NEW YORK (CNNMoney) -- Investors have a lot to contend with this week, as U.S. economic data, earnings reports and developments out of the eurozone will make waves.
A deluge of reports on the U.S. economy will give investors a status report on the nation's economic health in the three weeks before the presidential elections.
Last month's jump in gas prices will likely play a role in several data points this week, including the value of retail sales and consumer prices in September, which are due out Monday and Tuesday.
Investors will also get a glimpse into manufacturing and industrial production, which has been struggling under pressure from a global slowdown across the sector.
The housing market, a bright spot on the otherwise slow recovery, will once again be in the spotlight, with reports on housing starts, building permits, mortgage rates and existing home sales popping up throughout the week.
Economists believe that the nation's housing market has finally turned the corner and expect home prices to continue to rise, with some analysts predicting that we're on the brink of another housing boom. Mortgage rates are likely to remain near record lows thanks to the Federal Reserve's monthly purchase of $40 billion in mortgages for the foreseeable future.
In corporate news, earnings will once again be in focus this week. Investors will get a sense of how heavily the global slowdown has weighed on business revenues and profits. Lackluster earnings could hamper this year's stock market rally.
Three more investment banks are expected to report earnings this week, deepening the understanding of whether lending has picked up and how strong the housing recovery has been. Results from Citigroup, Goldman Sachs and Bank of America are on tap.
JPMorgan Chase was the first to report earnings last week, and came in with record profits for the third quarter. The bank cited new mortgages and refinancings as the key driver of overall results.
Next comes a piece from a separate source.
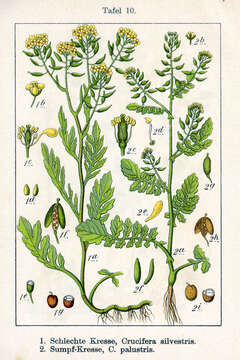 Image of creeping yellowcress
Mortgage lending also lifted Well Fargo's quarterly results to record levels, but revenue still fell short of analysts' estimates.
Analysts expect to see similar results from banks this week.
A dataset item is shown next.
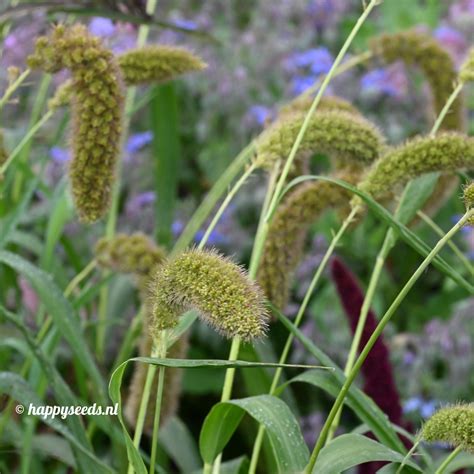 Vogelgierst Zaden Happy Seeds Webwinkel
"Given what we saw out of Wells and JP Morgan, I'd expect banks to come in around the same," said Rex Macey, chief investment officer at Wilmington Trust Investment Advisers. "The regulators are playing such a big role in some of these institutions that it leads to greater consistency in reporting. It's a little more predictable."
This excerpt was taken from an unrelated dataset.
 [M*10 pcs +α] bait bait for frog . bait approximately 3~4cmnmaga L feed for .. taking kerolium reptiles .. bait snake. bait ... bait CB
A slew of tech and mobile companies are also on deck.
Investors will pay particular attention to results from Intel, Microsoft and IBM, since shipments of personal computers are on pace to fall this year for the first time since the dot-com bust of 2001.
Intel already cut its third-quarter sales forecast last month, and rival chipmaker Advanced Micro Devices followed suit last week, warning that third-quarter revenue could decline 10% from the previous quarter.
Worries about the eurozone will also come into play this week. European Union leaders will come together for the EU Council meeting on Thursday and Friday. They are expected to discuss reforms on banking, but many anticipate that there could be pressure on Spain to request a bailout in exchange for European Central Bank support.
Spain came under more pressure last week, as Standard & Poor's lowered its credit rating on the ailing nation last week, stating that "the government's room to maneuver to contain the crisis has diminished."
U.S. stocks ended the week lower. The Dow lost more than 2%, the biggest weekly decline since June 1. The S&P 500 and Nasdaq suffered similar declines.